Check back and you'll see it's the same model as for two trials with no between-subjects effect: adding extra trials doesn't usually mean a different model. This kind of design--multiple repeated measurements without a control group--is sometimes called a time series. In the above example, there are two trials (pre1 and pre2) to establish a baseline of performance before some kind of treatment, then two trials (post1 and post2) to see the effect of the treatment. There's a big effect at post1, but it's wearing off by post2.

One way to analyze these data is to do a series of paired t tests. Post1 vs pre2 is the first comparison you would want to do. You'd also be interested in post2 vs post1, and possibly pre2 vs pre1, post 1 vs the mean of pre1 and pre2, and so on. An analysis that takes into account all the tests is more elegant and more powerful. The trouble is, generally we can't analyze such data using conventional ANOVA. The example shows several reasons why. See if you can spot them before reading on.
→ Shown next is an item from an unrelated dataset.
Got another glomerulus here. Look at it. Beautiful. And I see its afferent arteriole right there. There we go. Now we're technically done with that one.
You should have noticed that the standard deviation is bigger for the post1 and post2 trials. Different SDs are a problem for conventional ANOVA, but if that was the only problem, we could fix it by doing a non-parametric analysis via rank transformation of the dependent variable. No, the real problems are apparent only when you look at the data for the individual athletes. One of them appears to be a negative responder to the training program, and another is possibly a non-responder. What's more, the ordering of the subjects between pre2 and post1 or between post1 and post2 was not nearly as good as the ordering between the baseline tests. It's this change in consistency of ordering, or to give it its statistical term, the change in reliability between tests, that stymies the normal ANOVA. Individual differences in the response to the treatment between subjects is the reason for the loss of ordering here.
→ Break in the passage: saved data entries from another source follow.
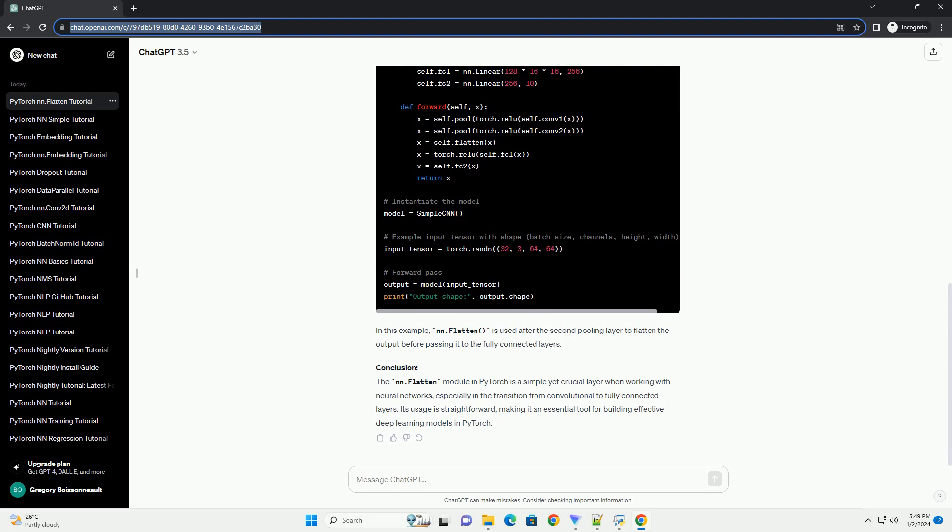Let's consider a simple example where we have a convolutional neural network, CNN, with NN.flatten used to flatten the output before passing it to a fully connected layer.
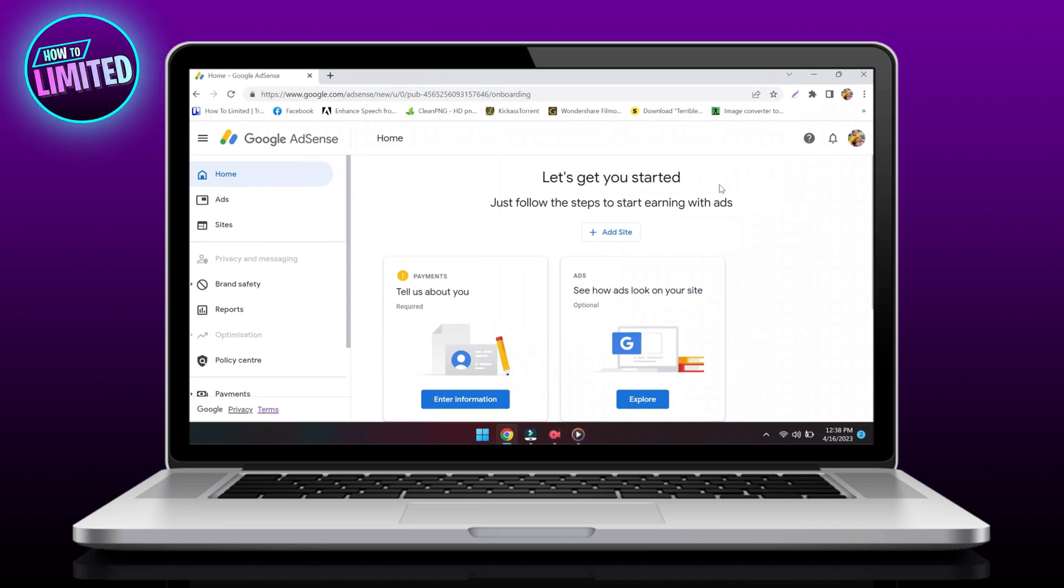Hey guys, in this video I'm going to show you how to fix policy violation in AdSense. So let's get into it.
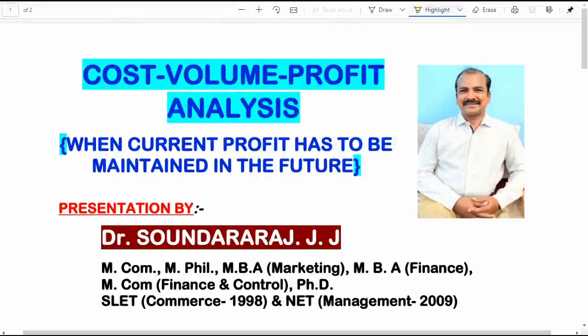Hi everyone, I am Dr. Savundara Raj. I am very happy to interact with you all through this video. In this video I am going to detail you a problem and its related solution from the topic Cost Volume Profit Analysis.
A change in reliability shows up as different correlations between pre1 and pre2, pre2 and post1, etc. When these correlations get too different and/or the standard deviations get too different, it's called loss of sphericity or asphericity. Statisticians examine sphericity in something called a covariance matrix, which neatly summarizes correlations and standard deviations for all the levels of the within-subject effect (time or trial). I will provide more information about covariances soon on the page devoted to the use of Proc Mixed in the Statistical Analysis System. Meanwhile, let's look at the three fixes for this problem.
Fix #1: Multivariate ANOVA
 Someone worked out that you can treat the values of the dependent variable for each trial as separate dependent variables. In our example, jumphgt becomes jumphgt1 (values at pre1), jumphgt2 (values at pre2), etc. The data set would look like this:

















Notice that time as a variable has disappeared: it's been absorbed into the four new variables for jump height, but it reappears as a within-subjects factor when you run the analysis. The variable subject has also disappeared: it's not needed, because there is only one row per subject and no ambiguity is possible.
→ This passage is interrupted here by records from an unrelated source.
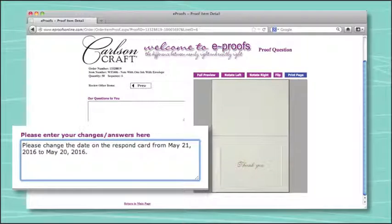If you've already approved a part of the ensemble and need to indicate additional changes, you can list those changes on another part of the proof. For example, if you've already approved the respond card and need to make a change, you can indicate those changes on the thank you note piece. Simply be specific and detailed by indicating what piece of the ensemble the change is for.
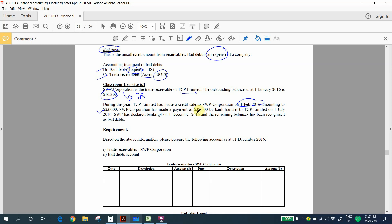SWP made a payment of 38,000 by bank transfer to TCP Limited on 1st July 2016. Subsequently, SWP declared bankruptcy on 1st December 2016 and the remaining balance has been recognized as bad debts.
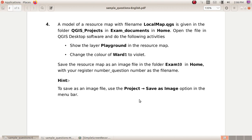A model of a resource map with a file name localmap.qgs is given in the folder QGIS projects in exam documents in home. Open the file in QGIS desktop software and do the following activities.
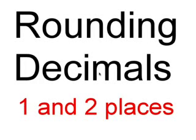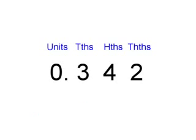In this video we are going to be rounding decimals one and two places. The number we will be looking at today is 0.342.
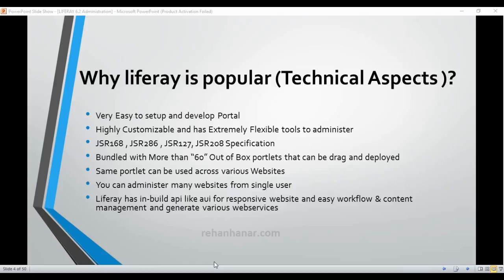The last point is that Liferay has built-in APIs for responsive websites, easy workflow, content management, and generating various web services. Liferay provides an API called AlloyUI (AUI) — a feature introduced in version 6.2 — which you can use to develop a responsive theme. So you don't have to write a lot of CSS; you just write a few lines and Liferay itself builds a responsive website.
It's difficult to write these four new variables into a model. Obviously they go on the left-hand side, like so:

jumphgt1  jumphgt2  jumphgt3  jumphgt4 <=

but what goes on the right-hand side? Nothing! Looks silly, but SAS makes you show it like this when you analyze a data set like the above.

I don't recommend the multivariate ANOVA approach. For starters, all it provides is a p value for the overall effect of time. It doesn't provide estimates or p values for the individual contrasts of interest (post1 minus pre2 etc.). What's more, I've shown by doing simulations that the p value it does produce is too big with some kinds of data and too small with others. Another big problem is missing values: if one of your subjects missed one of the tests, that subject is omitted from the analysis entirely.
Fix #2: Adjusted Univariate ANOVA
 This method has been the most widely used. The analysis is done as a conventional two-way ANOVA with one dependent variable (hence univariate) and effects for subject and trial (time in our example). The program then uses the covariance matrix to come up with a correction factor that leads to a different p value for the effect of trial. You choose from two factors: Greenhouse-Geisser epsilon or Huynh-Feldt epsilon.
Fix #3: Within-subject Modeling
 In this approach, you avoid the problems of repeated measures by not doing them! Instead, you convert each subject's repeated measurements into a single number, then do paired or unpaired t tests or simple ANOVAs on those numbers. I explain this approach later and in the slideshow.
Fix #4: Modeling Covariances (Mixed Models)
 Suppose you have data like the previous example, where the standard deviations and correlations for the repeated measures are all over the place. Don't adjust for them: make them part of the model! Yes you can, with Proc Mixed in the Statistical Analysis System (SAS). It's a major breakthrough. The procedure is known as modeling covariances, because standard deviations and correlations can be expressed more generally as covariances (nothing to do with analysis of covariance, by the way). Unfortunately the instructions for the procedure that does it in SAS are incomprehensible to all but highly trained statisticians. But if you can find one of those, you will be delighted, for the following reasons:

By the way, the term mixed refers either to the fact that you are modeling a mixture of means and covariances, or (same thing) to the fact the model consists of a mixture of random and fixed effects. The subject term in a repeated-measures model is a random effect. Random effects produce variance that has to be accounted for in the model.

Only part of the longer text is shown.